★★★★☆
あらすじ
乗り合わせた列車内で殺人事件に遭遇した名探偵エルキュール・ポアロ。
感想
ケネス・ブラナー演じる主人公ポワロの髭が惚れ惚れするほど立派だった。昔は皆こんな風に髭を伸ばしていたのに、なんでいつの間にか誰もしなくなってしまったのだろう。背広の時に帽子をかぶるスタイルというのも見ることが無くなった。同じように今は普通の身だしなみだが、100年後には誰もしなくなっているものがやっぱりあったりするのだろうか。ネクタイがそうかなと思ったが、案外スーツ自体を誰も着なくなっていたりするのかもしれない。

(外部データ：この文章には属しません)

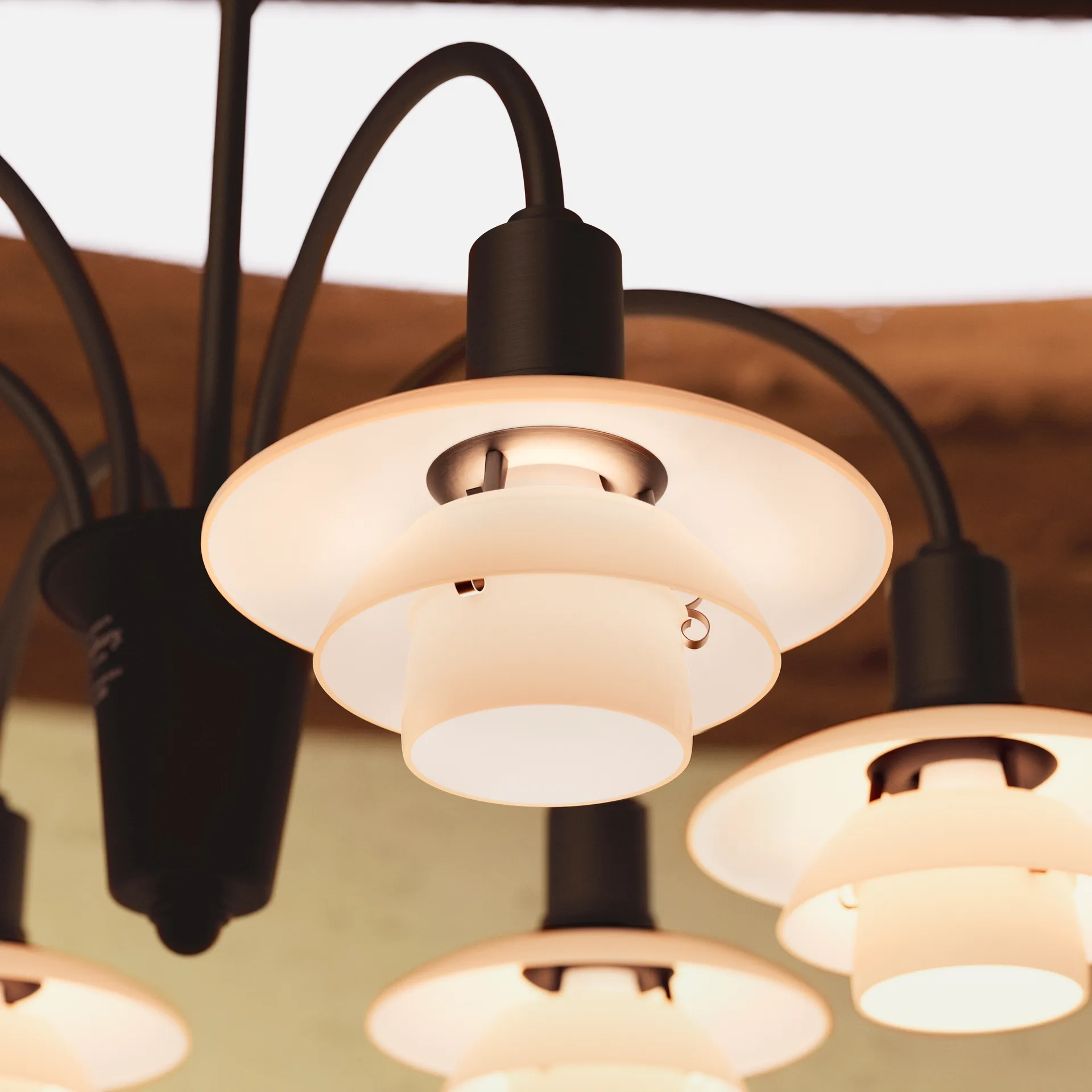 PH 1/1 Chandelier Centenary Edition lampadario, Ottone-dusty terracotta, 6 bracci Louis Poulsen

そして、ベルギー人のポワロが話す英語はかなり訛りが強い。このケネス・ブラナーの演技は、ネイティブの人からするとクサく感じそうな気がするがどうなのだろうか。でもこの主人公の強い訛りの喋り方や無駄に立派な髭は、きっと容疑者を油断させるための作戦のひとつなのだろうなという気がする。
割と豪華な出演陣の中では、ジョニー・デップの相変わらずの存在感が印象的だった。出番は多くないし、特に何をするわけでもないのだが、ちょっとした仕草だけで人を惹きつけてしまう。見過ごせない引っ掛かりを必ず残す。その他の出演者たちもそれぞれに見せ場があって、こういう容疑者がたくさん生まれる密室の推理物は、役者にとって演じがいのあるジャンルの作品と言えそうだ。
終盤の謎解き場面での、画面いっぱいに容疑者たちが横一列に並んで座るシーンは、まるでレオナルド・ダヴィンチの「最後の晩餐」のようだった。壮観な映像で、これからクライマックスが始まるぞというワクワク感があって良かった。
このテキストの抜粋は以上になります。